Sunday, March 28, 2010

A Tale of Two Taxis (Taksis)

Mr. This Cat's (Not Abroad) and I have been in Kurdistan for 5 weeks now - and finally have our own home - so it was only a matter of time before offers to ferry us about town would begin to dwindle, if not dry up altogether. Now in Erbil, there are 4 ways to get from Point A to Point B:

1) walk
2) drive (note that foreigners are prohibited from owning vehicles nor does insurance exist for those stupid brave enough to lease)

3) take a mini bus

4) take a taxi

5) kidnap the veggie man's donkey

... and on Friday, we found ourselves in that unenviable position of having to get across town without a ready invitation of a lift. Since driving was out of the question, and none of our support staff could figure out the bus routes for themselves let alone for us, and walking only takes you so far (and that wasn't far enough) - that left the donkey and the taxi. Let me add that taxis are independently operated here and scoot about town bereft of seatbelts and meters. Vis-à-vis the first point, it is what it is; vis-à-vis the second point, passengers must either negotiate a fare before heading off or pay after-the-fact, and hope that you don't offend your driver with what you offer, making him your enemy for life. Donkeys, on the other hand, are quite happy with a carrot.

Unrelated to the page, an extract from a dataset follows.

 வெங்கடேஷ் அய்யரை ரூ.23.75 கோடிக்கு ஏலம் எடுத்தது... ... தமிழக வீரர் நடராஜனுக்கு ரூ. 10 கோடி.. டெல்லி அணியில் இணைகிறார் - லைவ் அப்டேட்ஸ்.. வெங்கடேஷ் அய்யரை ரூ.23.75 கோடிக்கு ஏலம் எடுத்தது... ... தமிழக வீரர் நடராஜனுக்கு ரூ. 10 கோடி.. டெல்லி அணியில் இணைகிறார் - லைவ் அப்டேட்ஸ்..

Personally, I would've preferred the little burro (she's very very pretty), but taxi it was. In fact, in the span of 10 hours we would take 4 taxis (so it's fair to say that we're taxi experts now) of which I will relate two for your reading pleasure.

Ride the First

Ride the First was actually our first ride in Erbil. We flagged a little beige taxi (or taksi since the x doesn't quite exist in the Kurdish alphabet) near our home and, because I know a sum total of one Kurdish word (and yes, it's a polite word), I equipped myself with a business card bearing the address of our destination. We slid into the backseat of the taxi
(taksi), and handed the driver the card, congratulating ourselves all the while with our preparedness, and fully confident (this was a Very Busy Thoroughfare we were going to) that he'd have no problems finding it.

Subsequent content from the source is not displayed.